Herb Slattery

No. 65
- Position:: Offensive lineman / linebacker

Personal information
- Born:: March 29, 1945 (age 79) Wilmington, Delaware, U.S.
- Height:: 6 ft 3 in (1.91 m)
- Weight:: 245 lb (111 kg)

Career information
- High school:: Archmere Academy (Claymont, Delaware)
- College:: Delaware (1963–1966)
- NFL draft:: 1967: 11th round, 264th pick

Career history
- New York Jets (1967)*; Waterbury Orbits (1967);
- * Offseason and/or practice squad member only

Career highlights and awards
- First-team All-MAC (1965, 1966); First-team Little All-American (1966); First-team All-ECAC (1966); Co-MAC MVP (1966); ECAC Division II Player of the Year (1966); Delaware Athlete of the Year (1966); Delaware Sports Museum and Hall of Fame (1994);

= Herb Slattery =

American football player (born 1945)

Herbert Anthony Slattery (born March 29, 1945) is an American former professional football offensive lineman and linebacker. He played college football for the Delaware Fightin' Blue Hens and was selected in the 11th round of the 1967 NFL/AFL draft by the New York Jets. He was inducted into the Delaware Sports Museum and Hall of Fame in 1994.

==Early life==
Slattery was born on March 29, 1945, in Wilmington, Delaware. He attended Archmere Academy in Claymont, where he was a standout athlete. He started all four years on the football team; as a freshman, he played fullback before switching to tackle as a sophomore, also being a top linebacker for his last two years. He was a two-time first-team all-state player and helped Archmere win the Independent Conference title three years in a row, with only two losses in his last three years. He was also a Catholic All-American as selected by The New World newspaper.
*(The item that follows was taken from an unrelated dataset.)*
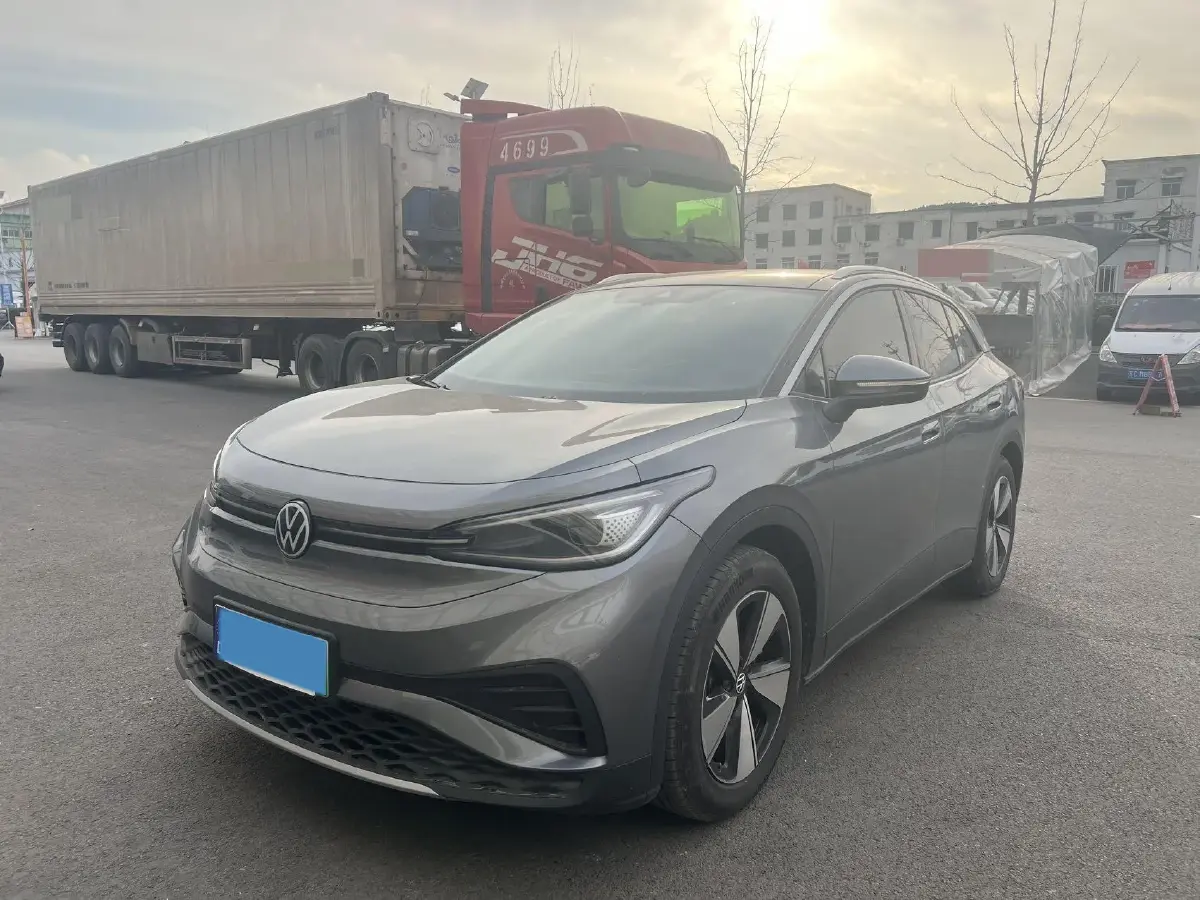 2025 Volkswagen ID.4 X BEV 52.8KWH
In addition to playing football, Slattery also participated in three other sports. He played for the Archmere basketball team and was all-conference while helping them win the conference championship as a senior. He played two years on the baseball team as a pitcher and shortstop, and then switched to track and field for two years. He was a top athlete in the shot put and set school records several times. Outside of Archmere, Slattery also spent two years with the Delaware Post No. 1 baseball team in the American Legion League.

Slattery was highly recruited and received offers from around 30 programs to play college football, including teams in the Big Ten Conference, Atlantic Coast Conference and Ivy League, as well as prominent independent school Notre Dame. He ultimately choose to stay local, committing to the Delaware Fightin' Blue Hens.

==College career==
After not playing as a freshman in 1963, Slattery won a starting role as a lineman to begin the 1964 season, the first sophomore to do so on the line for the team since 1954. He remained a starter for his subsequent three years with the Fightin' Blue Hens and became one of the top linemen in school history; during his career, he was the only person for Delaware to start on both sides of the ball, being a standout tackle on offense and linebacker on defense. At times, he was also able to play defensive back. He was the heaviest player in the starting lineup – as well as the second-tallest – but was still regarded as one of the fastest members of the line, as well as, according to several coaches, "probably the team's best lineman–both offensively and defensively."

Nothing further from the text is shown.